Sie beginnt im Mai 2013: Max von Waldenfels gründete mit Benjamin Pochhammer den Dienst MyLorry. Ihr Ziel: Auf Knopfdruck lassen sich Fahrer zum Transport bestellen. Bald stellen sie fest, dass besonders eine Kundengruppe einen enormen Bedarf hat – Restaurants. Aus MyLorry wird Food Express. Das Start-up konzentriert sich darauf, die Auslieferung von Essensbestellungen zu übernehmen. Denn Plattformen wie Lieferheld oder Lieferando vermitteln nur die Bestellungen – die Restaurants müssen sich selbst um die Auslieferung kümmern.

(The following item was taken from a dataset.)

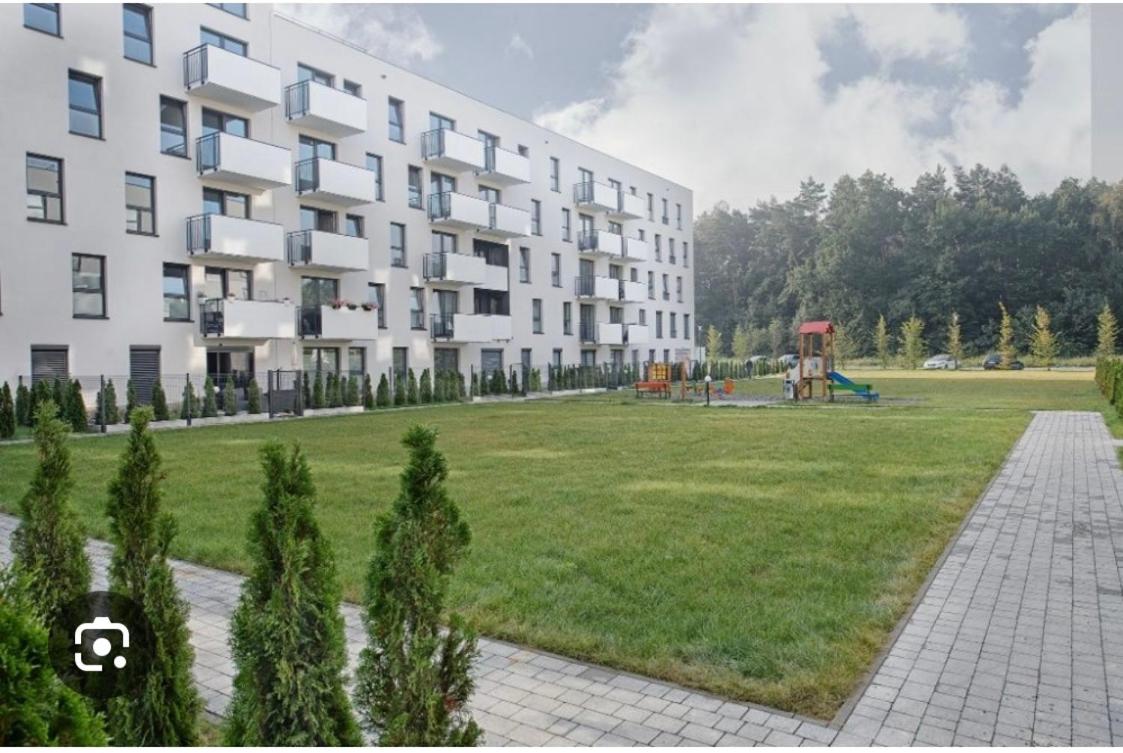 Apartament Żorska z ogródkiem - B&B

Food Express kann ihnen die Lieferungen günstiger anbieten – denn es kann die Fahrer besser auslasten als einzelne Restaurants.
Es ist ein Modell, das für das Lieferdienstimperium Delivery Hero höchst interessant ist. Der Lieferdienst, in den Rocket Internet Anfang des Jahres über eine halbe Milliarde Euro investierte, steigt im Februar bei Food Express ein und übernimmt zunächst rund 16 Prozent der Anteile an Food Express. Kurz darauf erhöht er die Anteile noch mal auf 27,7 Prozent.
Einblick in wichtige Dokumente
Mehr noch: Wenige Monate später zeigt Delivery Hero Interesse daran, Food Express ganz zu übernehmen. Im August 2015 beginnen die Verhandlungen, begleitet werden sie von dem, was man Due Diligence nennt: eine intensive Risikoüberprüfung: Die Investoren durchleuchten das Start-up intensiv, um zu überprüfen, ob es wirklich das wert ist, was es auf den ersten Blick zu sein scheint. Daten von Kunden, Bestellentwicklungen, Verträge – die Delivery Hero-Manager bekommen wie bei solchen Verfahren üblich Einsicht in alle wichtigen Dokumente.
Sie schicken auch ein Team von Delivery-Hero-Entwicklern zu dem Start-up, das sich mehrere Tage lang die Technologie hinter der Auslieferungssoftware genau erklären lässt. „Welche Funktionen es gibt, wie die Architektur ist, wie wir zu dem Aufbau gekommen sind, alles“, sagt Max von Waldenfels.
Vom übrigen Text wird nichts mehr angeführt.